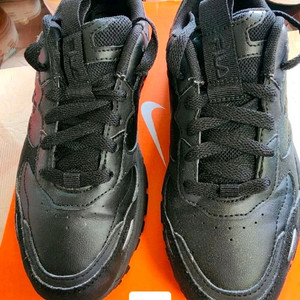 휠라 블랙 운동화 240 이미지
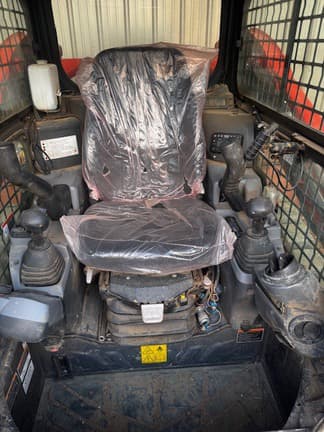 Image of Kubota SVL65-2 equipment image 2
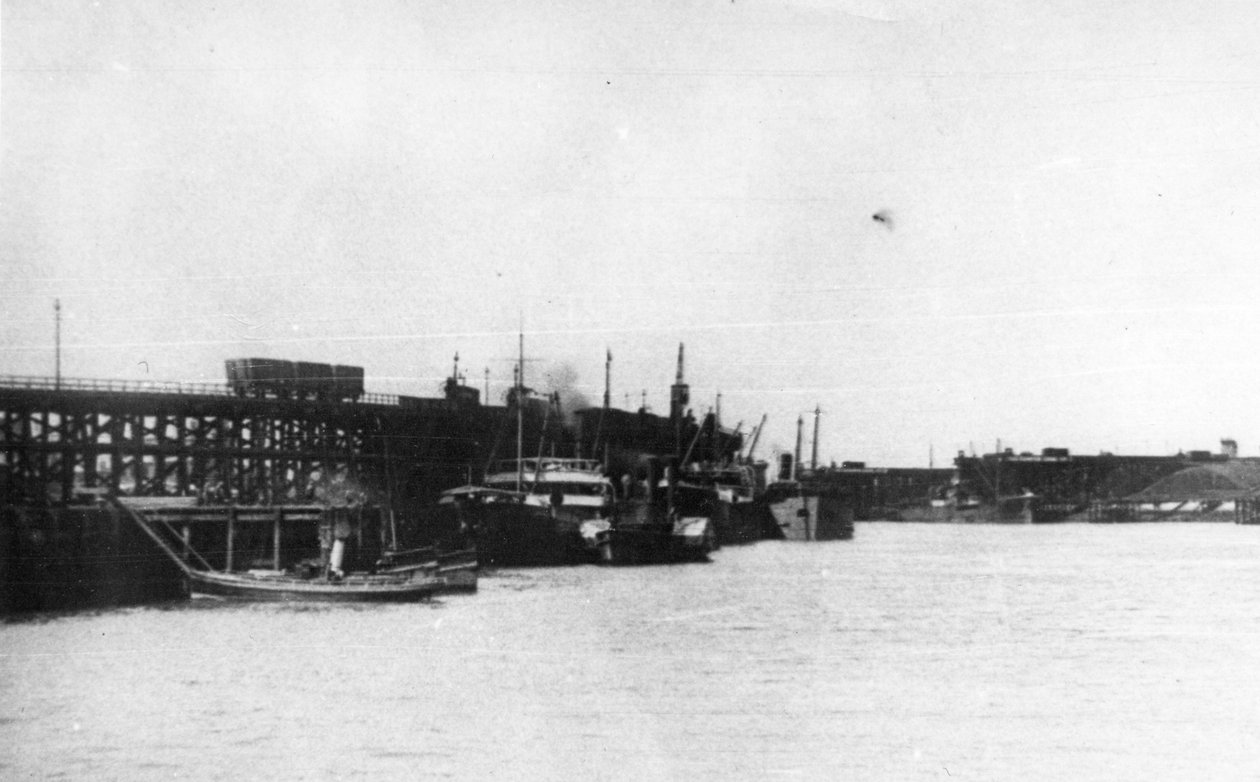 Blyth Harbour, zobrazující množství uhelných lodí ležících vedle Blyth Staiths se startem Harbour Commission v popředí od Unbekannt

§ **WHAT NEEDS TO BE DONE**
Reproduce the listing word for word. Do not carry over the pictures.

§ **TASK OUTPUT**
 휠라 블랙 운동화 240 이미지
 Image of Kubota SVL65-2 equipment image 2
 Blyth Harbour, zobrazující množství uhelných lodí ležících vedle Blyth Staiths se startem Harbour Commission v popředí od Unbekannt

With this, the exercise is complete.